On écoute attentivement.


Hier j'ai vu el "Templo de Debod"
qui selon wikipedia est

Le temple d'Amon situé à Debod est un temple nubien de l'Égypte antique, datant du IIe siècle av. J.-C., dédié au dieu égyptien Amon. Il a été reconstruit et, en 1972, ouvert au public en Espagne à Madrid dans le parc de l'Ouest.Sous la présidence de Gamal Abdel Nasser, l'Égypte se lance, en 1954, dans la construction du haut barrage d'Assouan. Les eaux du lac ainsi généré vont alors engloutir la vallée du Haut-Nil depuis Assouan jusqu'à la cataracte de Dal au Soudan. Cette région connue depuis l'antiquité sous le nom de Nubie recèle d'importants trésors archéologiques dont de nombreux temples antiques. Aussi, en 1959, les gouvernements égyptien et soudanais demandent de l'aide à l'UNESCO afin de sauver ces sites[1].Une vaste campagne internationale pour la sauvegarde des monuments de Nubie est alors engagée. De nombreux sites sont démantelés pour être reconstruits ailleurs dont le temple de Debod en 1960[2].L'EspagneÉgypte, pour la remercier, lui offre, en 1968, le temple de Debod. De même, les Pays-Bas reçoivent celui de Tafa, les États-Unis d’Amérique, celui de Dendour et l'Italie, celui d'Ellesiya[3]. participant à cette vaste entreprise internationale, l'

Et apres on s'est vautrées sur Gonçalo qui n'avait pas l'air trop dérangé !


mardi 6 octobre 2009

Premier Bilan.

Un peu plus d'un mois que je suis ici, je peux donc donner mes premières conclusions.

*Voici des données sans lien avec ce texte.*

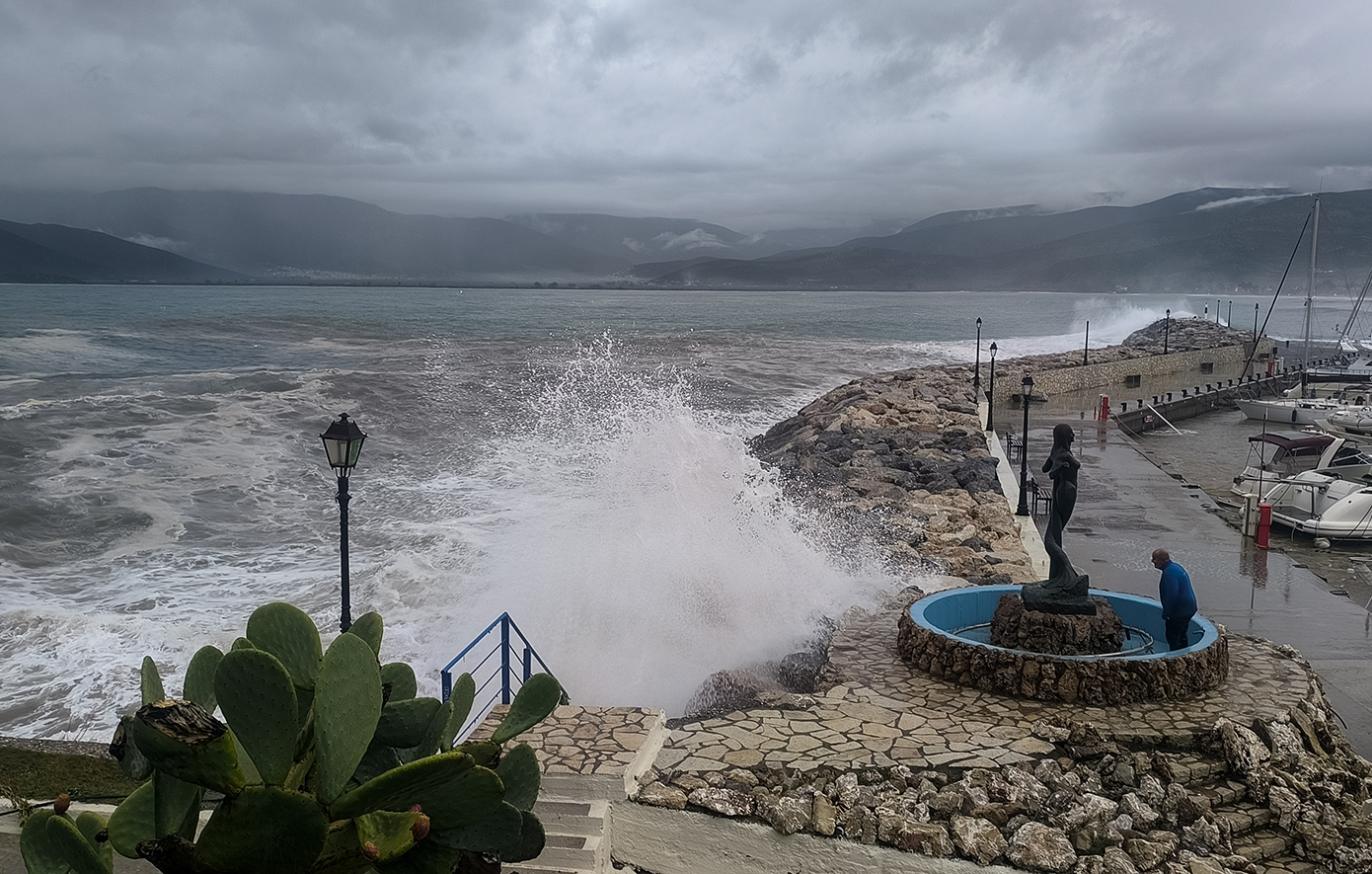 Ξαφνική επιδείνωση του καιρού την Πρωτομαγιά – Ποιες περιοχές θα πλήξουν έντονα φαινόμενα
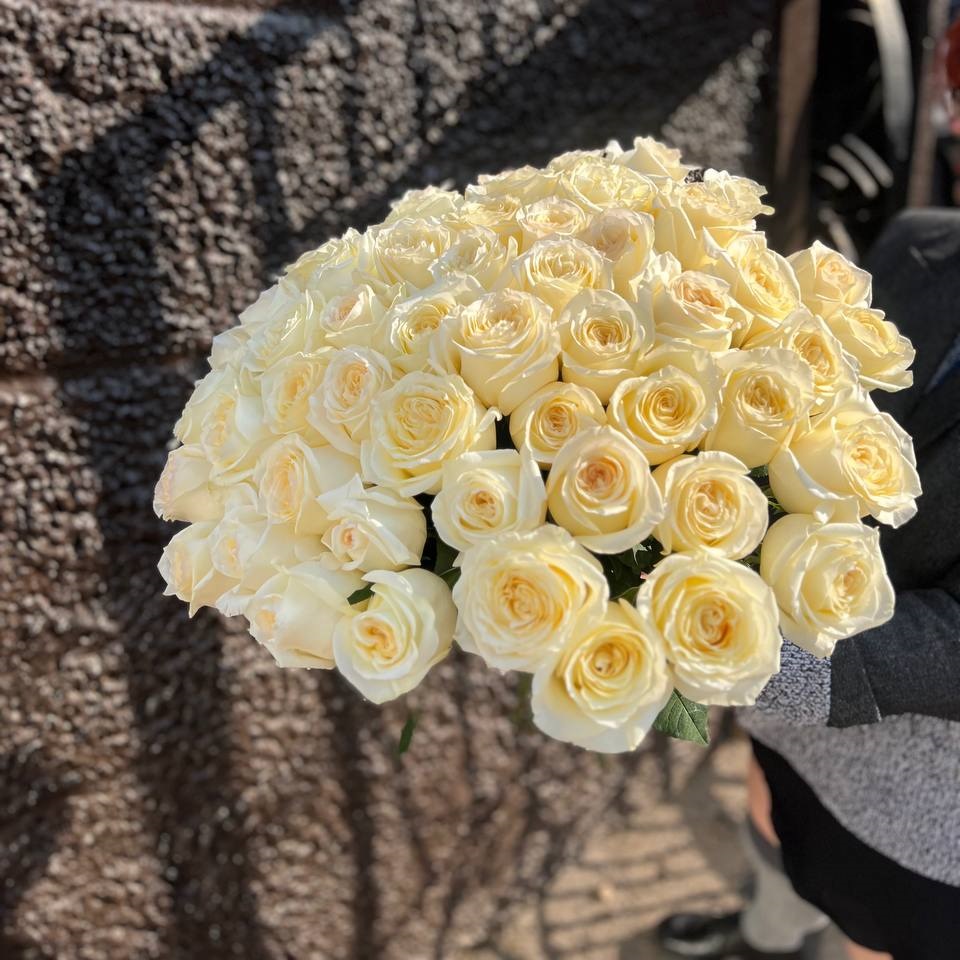 Акция, 51 роза "Кандл Лайт" (Эквадор) 60 см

  • Je crois que partir vivre a l'étranger a été la meilleure décison de ma vie. Je le savais un peu, déjà. En fait je m'en doutais. L'expérience elle même me le confirme. Je découvre la culture espagnole et m'enrichis de celles des autres erasmus. Un bonheur.
  • Madrid est une ville géniale pour les étudiants. Il y a 7 universités. Imagine donc le nombre d'étudiants et d'erasmus (je suis une des rares et n'avoir jamais raté, je jure que c'est vrai). Après il faut imaginer les fêtes et services mis en place pour nous. Après faut être sérieux et aller a l'école. Non mais par exemple les musées sont gratuits pour nous, pas de tarif réduit, gratuit. Juste ça c'est parfait.
  • La coloc avec des inconnus c'est bien. Après un mois c'est un peu moins propre et le frigo moins bien divisé. Je prend ça pour un bon signe. On se sent a l'aise ensemble.
  • Les langages se mélangent dans ma tête: Espagnol bien sur, Français, un peu d'anglais et quelques mots avec des accents bizarres empruntés a mes camarades erasmus.
  • La fac est jolie et funky. Dans le sens que les étudiants en droits n'ont pas le coté "bourgeoisie a balais dans le cul" que peuvent avoir certains français. Et ça me fait un bien fou.
  • Les traduction espagnole de tout et n'importe quoi me font sourire tous les jours. Je pense que j'y reserverai un article tellement c'est chouette.
Voilà, ceci est donc une liste non exaustive de mes premieres conclusions. Etre ici me rend donc heureuse mais bon, autant vous dire que vous me manquez quand même et que je regardes vos têtes en photos, que je parle de vous et que certaines chansons me mettent les larmes aux tant elles me font penser a des moments français.

A tres vite pour de prochaines aventures.